### LISTED ENTRIES

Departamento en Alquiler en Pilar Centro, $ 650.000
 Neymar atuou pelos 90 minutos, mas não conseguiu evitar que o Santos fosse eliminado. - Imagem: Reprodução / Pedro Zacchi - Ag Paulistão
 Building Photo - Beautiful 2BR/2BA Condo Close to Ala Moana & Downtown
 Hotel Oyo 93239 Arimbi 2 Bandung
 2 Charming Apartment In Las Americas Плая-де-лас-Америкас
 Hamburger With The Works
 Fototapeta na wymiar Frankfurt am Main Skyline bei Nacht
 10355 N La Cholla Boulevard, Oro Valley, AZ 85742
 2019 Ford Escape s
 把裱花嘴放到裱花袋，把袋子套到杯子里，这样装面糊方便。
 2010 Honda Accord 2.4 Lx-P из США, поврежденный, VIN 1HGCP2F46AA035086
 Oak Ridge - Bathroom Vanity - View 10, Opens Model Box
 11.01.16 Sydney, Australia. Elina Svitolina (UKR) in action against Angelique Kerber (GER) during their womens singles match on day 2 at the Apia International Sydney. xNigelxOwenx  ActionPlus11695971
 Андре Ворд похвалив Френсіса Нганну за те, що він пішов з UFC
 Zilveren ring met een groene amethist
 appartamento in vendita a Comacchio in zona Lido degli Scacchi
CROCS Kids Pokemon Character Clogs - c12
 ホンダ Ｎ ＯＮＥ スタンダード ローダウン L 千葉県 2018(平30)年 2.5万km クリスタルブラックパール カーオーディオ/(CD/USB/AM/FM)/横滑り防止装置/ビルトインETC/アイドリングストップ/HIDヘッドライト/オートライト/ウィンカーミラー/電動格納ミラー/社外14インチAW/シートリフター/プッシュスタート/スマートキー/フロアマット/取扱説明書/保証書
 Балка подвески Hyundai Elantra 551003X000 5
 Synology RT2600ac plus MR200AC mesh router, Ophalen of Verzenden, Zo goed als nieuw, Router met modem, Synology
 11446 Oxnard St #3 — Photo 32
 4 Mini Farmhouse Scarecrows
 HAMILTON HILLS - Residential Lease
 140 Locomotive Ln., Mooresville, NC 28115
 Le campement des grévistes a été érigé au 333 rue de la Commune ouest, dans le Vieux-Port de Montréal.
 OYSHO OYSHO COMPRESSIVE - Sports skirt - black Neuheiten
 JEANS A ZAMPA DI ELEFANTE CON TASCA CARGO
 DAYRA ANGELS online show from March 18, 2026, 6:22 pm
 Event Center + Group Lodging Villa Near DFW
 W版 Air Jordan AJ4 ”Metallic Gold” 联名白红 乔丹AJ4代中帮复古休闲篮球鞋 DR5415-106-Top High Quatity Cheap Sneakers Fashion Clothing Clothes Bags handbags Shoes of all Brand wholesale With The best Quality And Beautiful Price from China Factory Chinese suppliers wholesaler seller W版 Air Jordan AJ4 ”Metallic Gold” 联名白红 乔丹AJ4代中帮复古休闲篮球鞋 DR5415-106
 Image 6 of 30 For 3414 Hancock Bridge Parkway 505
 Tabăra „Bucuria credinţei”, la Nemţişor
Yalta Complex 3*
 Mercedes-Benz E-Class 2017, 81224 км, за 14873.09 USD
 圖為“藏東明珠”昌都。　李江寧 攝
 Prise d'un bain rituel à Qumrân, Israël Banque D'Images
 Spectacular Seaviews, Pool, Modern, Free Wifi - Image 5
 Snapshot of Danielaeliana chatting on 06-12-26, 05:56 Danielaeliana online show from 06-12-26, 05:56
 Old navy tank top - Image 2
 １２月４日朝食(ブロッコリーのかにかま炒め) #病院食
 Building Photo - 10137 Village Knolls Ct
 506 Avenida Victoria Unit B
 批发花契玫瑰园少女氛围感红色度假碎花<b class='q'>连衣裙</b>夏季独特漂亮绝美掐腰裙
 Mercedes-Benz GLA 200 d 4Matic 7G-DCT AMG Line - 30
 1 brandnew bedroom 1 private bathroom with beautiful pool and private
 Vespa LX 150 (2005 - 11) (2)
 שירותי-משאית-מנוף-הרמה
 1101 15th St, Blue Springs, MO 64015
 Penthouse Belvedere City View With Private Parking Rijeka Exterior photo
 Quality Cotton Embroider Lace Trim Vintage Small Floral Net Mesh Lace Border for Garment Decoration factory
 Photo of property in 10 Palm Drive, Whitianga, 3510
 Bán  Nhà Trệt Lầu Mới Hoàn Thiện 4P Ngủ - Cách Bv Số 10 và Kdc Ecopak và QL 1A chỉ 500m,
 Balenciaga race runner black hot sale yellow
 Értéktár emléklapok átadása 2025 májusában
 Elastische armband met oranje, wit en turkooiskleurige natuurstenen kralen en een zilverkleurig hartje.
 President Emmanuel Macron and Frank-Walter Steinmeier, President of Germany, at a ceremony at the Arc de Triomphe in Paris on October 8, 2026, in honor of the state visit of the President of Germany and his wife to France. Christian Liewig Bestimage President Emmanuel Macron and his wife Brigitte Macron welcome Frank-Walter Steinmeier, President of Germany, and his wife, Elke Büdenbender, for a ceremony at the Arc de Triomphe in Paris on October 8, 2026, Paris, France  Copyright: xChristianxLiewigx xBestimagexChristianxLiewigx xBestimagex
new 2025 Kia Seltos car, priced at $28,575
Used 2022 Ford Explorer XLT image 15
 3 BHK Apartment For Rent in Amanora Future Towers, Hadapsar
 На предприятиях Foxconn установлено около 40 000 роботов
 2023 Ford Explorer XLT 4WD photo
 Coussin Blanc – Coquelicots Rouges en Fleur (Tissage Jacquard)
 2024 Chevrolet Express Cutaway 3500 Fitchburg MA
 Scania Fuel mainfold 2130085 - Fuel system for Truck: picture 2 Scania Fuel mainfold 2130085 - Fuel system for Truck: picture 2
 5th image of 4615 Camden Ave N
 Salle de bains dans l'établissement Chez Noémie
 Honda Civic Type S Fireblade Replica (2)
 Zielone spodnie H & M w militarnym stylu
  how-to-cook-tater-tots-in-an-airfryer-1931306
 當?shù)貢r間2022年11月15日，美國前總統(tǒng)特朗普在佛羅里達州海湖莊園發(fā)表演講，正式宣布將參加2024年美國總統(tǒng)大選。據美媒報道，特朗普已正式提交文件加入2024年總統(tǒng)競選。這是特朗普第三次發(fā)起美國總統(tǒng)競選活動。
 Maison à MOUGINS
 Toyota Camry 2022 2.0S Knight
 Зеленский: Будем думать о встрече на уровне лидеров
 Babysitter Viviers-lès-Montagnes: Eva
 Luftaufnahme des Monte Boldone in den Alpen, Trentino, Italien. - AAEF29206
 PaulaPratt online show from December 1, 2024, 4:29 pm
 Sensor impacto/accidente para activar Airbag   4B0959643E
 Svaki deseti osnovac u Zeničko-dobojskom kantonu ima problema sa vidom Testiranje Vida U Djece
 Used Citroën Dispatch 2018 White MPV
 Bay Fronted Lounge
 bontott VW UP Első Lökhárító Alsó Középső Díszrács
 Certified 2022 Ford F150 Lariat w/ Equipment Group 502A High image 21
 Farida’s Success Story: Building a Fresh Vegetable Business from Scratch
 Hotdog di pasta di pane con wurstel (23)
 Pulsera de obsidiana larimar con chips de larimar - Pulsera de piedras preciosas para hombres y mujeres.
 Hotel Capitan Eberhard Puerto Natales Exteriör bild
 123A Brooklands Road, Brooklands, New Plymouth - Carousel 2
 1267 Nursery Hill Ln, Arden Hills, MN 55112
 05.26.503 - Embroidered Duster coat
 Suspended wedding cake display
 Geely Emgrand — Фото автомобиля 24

######

→ TASK ITEM
If a line above contains the word "para", list it.

→ EXERCISE RESPONSE
 Sensor impacto/accidente para activar Airbag   4B0959643E
 Pulsera de obsidiana larimar con chips de larimar - Pulsera de piedras preciosas para hombres y mujeres.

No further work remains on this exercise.